**I ultimately deleted last weeks blog for a few reasons. If you are interested in receiving it, send me a note and I can send it to you separately, onward and upward..**
Getting involved with sports ownership has typically been limited to the ultra wealthy.
Steve Ballmer, owner of the Clippers, was the CEO of Microsoft from 2000 - 2014.
Dan Gilbert, owner of the Cavaliers, founded Rocket Mortgage.
Mark Cuban, David Tepper, The Walton Family; the list goes on.
Owning a sport’s team is the ultimate ego stroker.
But why else would someone consider investing in this asset class?

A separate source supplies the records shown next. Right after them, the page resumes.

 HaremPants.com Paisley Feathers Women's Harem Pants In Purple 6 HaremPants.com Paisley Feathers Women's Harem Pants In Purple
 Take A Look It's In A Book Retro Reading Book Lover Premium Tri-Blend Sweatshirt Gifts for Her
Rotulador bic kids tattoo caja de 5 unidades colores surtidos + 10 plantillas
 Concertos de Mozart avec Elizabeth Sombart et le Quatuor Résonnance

For starters, the returns have far outpaced those of the S&P 500:
According to Tony Robbins’ new book, “The Holy Grail of Investing”, (read with a grain of salt please) and CAZ Investments:
Between 2012 and 2022, the S&P 500 returned approximately 11% annually. The Russell 2000 (an index comprised of small cap stocks) returned 8% annually. Over the same period, the big four leagues (NBA, MLB, NFL, and NHL) combined for 18% percent compounded returns. Between 2002 and 2021, the average price for an NBA team rose 1057%. By comparison, the S&P 500 returned a total of 458% percent over that period.
This outperformance compared to the S&P 500 provides a significant opportunity for investors.

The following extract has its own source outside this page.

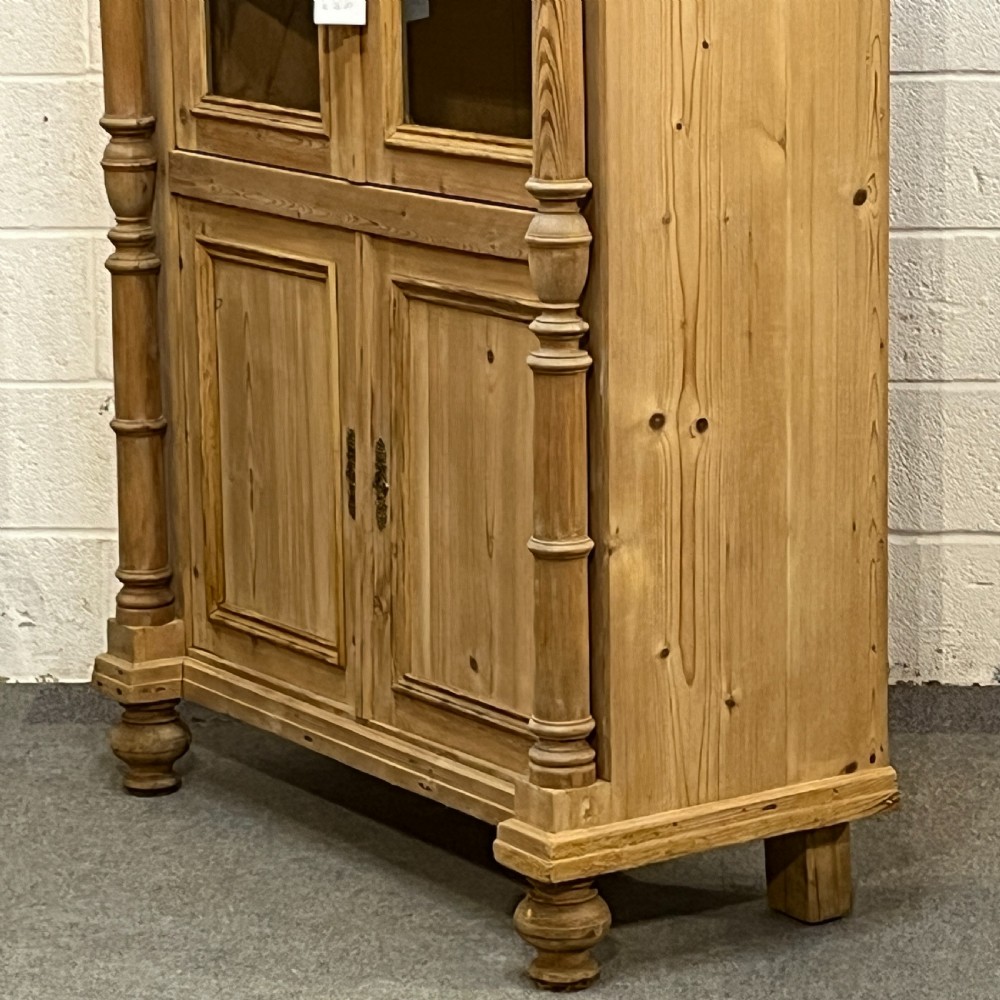 Large Tall Partly Glazed Antique Pine Display Cabinet View V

Not to mention the performance of pro sports teams typically has little correlation with the public markets.
Even during economic downturns or recessions, the love for sports remains steadfast.
Sports are a global phenomenon as well. The NFL, NBA, and NHL have expanded their reach by playing games overseas, tapping into new markets and audiences.

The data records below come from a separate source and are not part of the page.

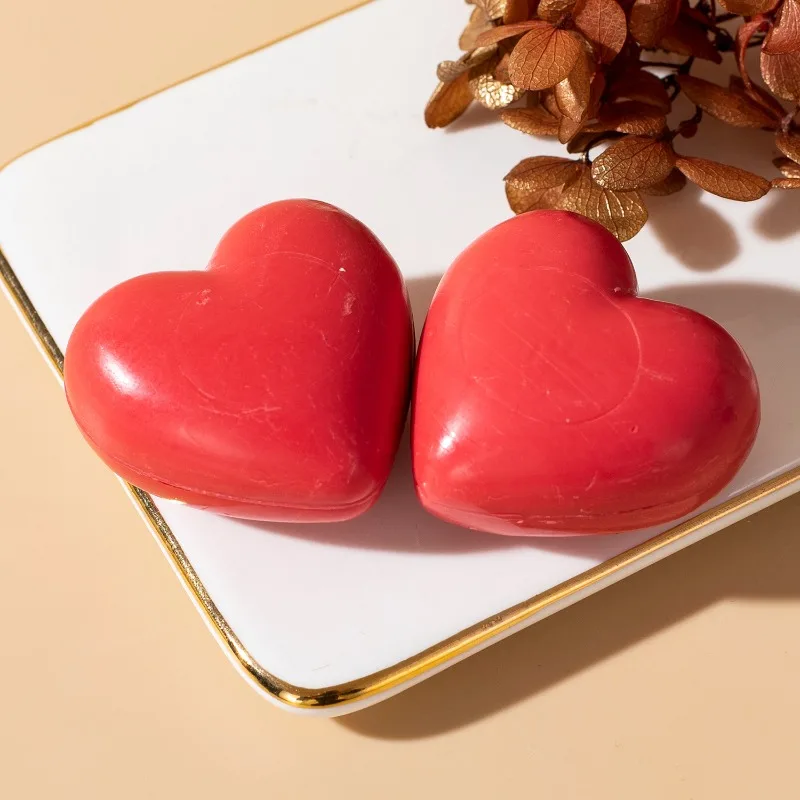 Heart Shaped Handmade Soap Cleaning and Cleansing Essential Oil Soap Deep Cleansing Without Damaging Skin Rich Foam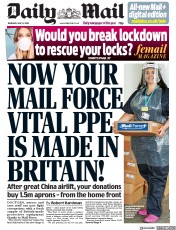 Daily Mail (UK) Newspaper Front Page for 14 May 2020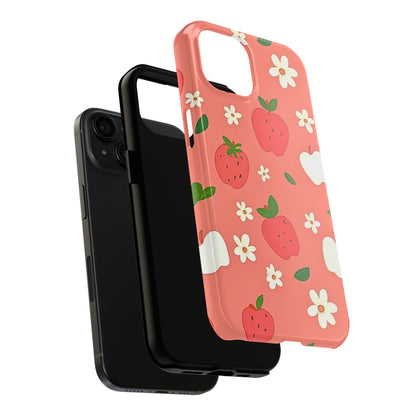 Strawberry Apple Flower Pattern Pink Tough Phone Case | Aesthetic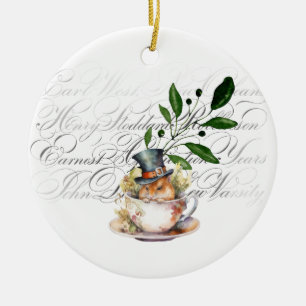 Victorian Mouse i Tea kopp Julgransprydnad Keramik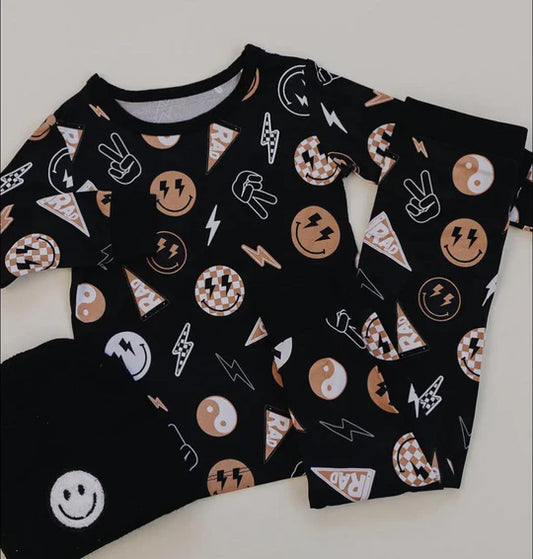 12.10 MOQ:5pcs BLP1413 pre-order toddler boy clothes smile boy winter pajamas outfit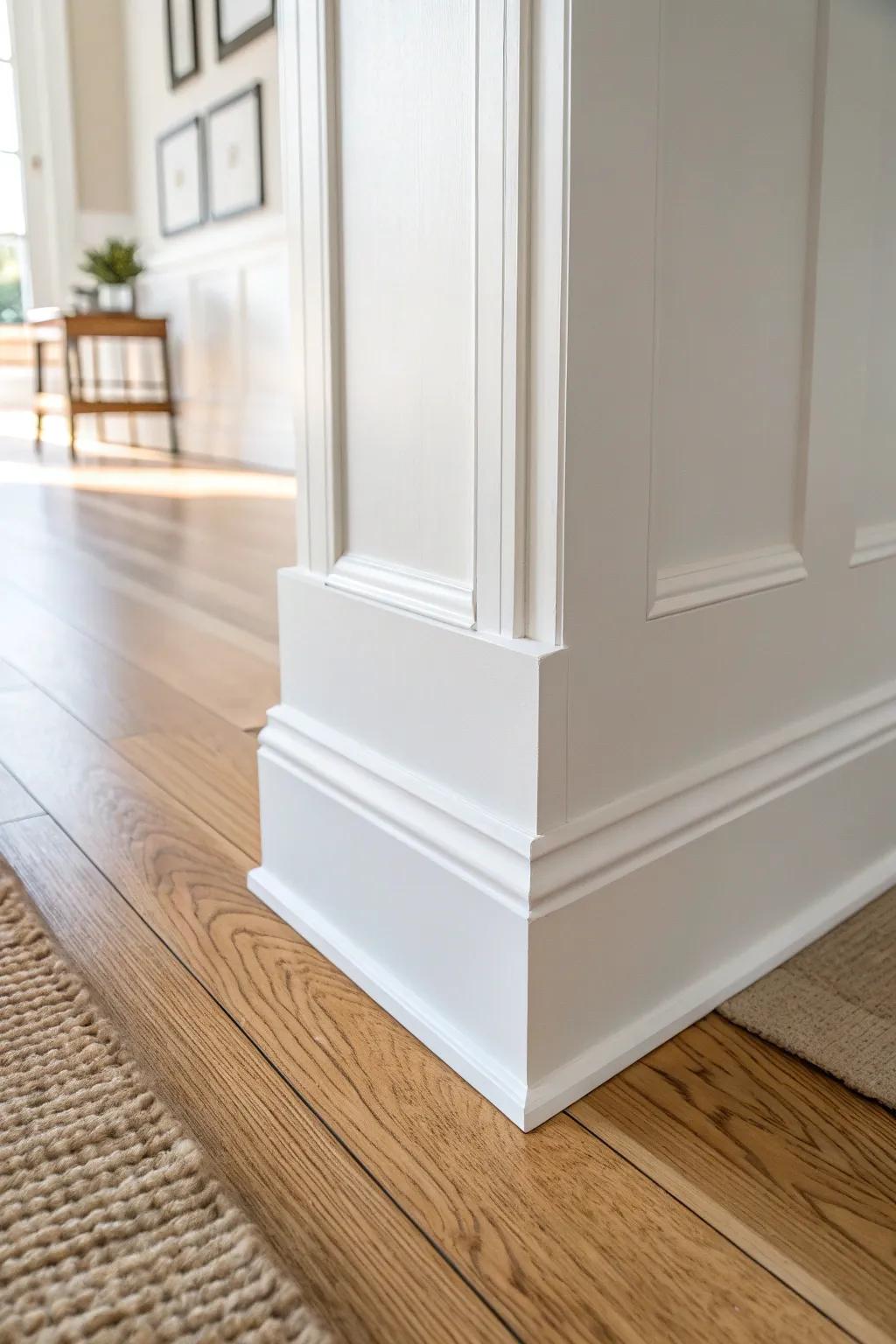 Taller farmhouse baseboards create instant built-in charm with clean lines and cozy contrast.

The great thing about sports is that it tends to bring people together, although Bill Burr does a hilarious job explaining how we let sports ruin our lives.
Sports tend to dominate the TV Ratings. We just witnessed the Women’s College Basketball Championship drew a record breaking 18.9 million viewers. This was the most-watched basketball game, at any level, since 2019.
But it’s not just about investing in a team because you like and root for them. It involves understanding their income stream and the assets they own.
Many teams own the real estate alongside the stadiums and surrounding properties. Other income sources include league revenue shares, media partnerships, ticket sales, merchandise, sponsorships, luxury boxes, and the newest trend of partnering with the gambling industry (what could go wrong??)
This can be a very attractive opportunity for investors.
But for those who aren’t at that level just yet, the public markets offer a few options.
Companies like Atlanta Braves Holdings (BATRK), which owns the Atlanta Braves and some associated real estate holdings. Madison Square Garden Sports Corporation (MSGS), owns the New York Knicks and the New York Rangers. Manchester United (MANU) owns Manchester United as well as broadcasting rights and other related businesses.
However, investing in sports through public markets can be tricky.
For instance, let’s look at Madison Square Garden Sports Corporation (MSGS), which owns the Knicks and Rangers.
The value of the New York Knicks is supposedly around $6.6 billion. And the New York Rangers may be worth around $2.65 billion.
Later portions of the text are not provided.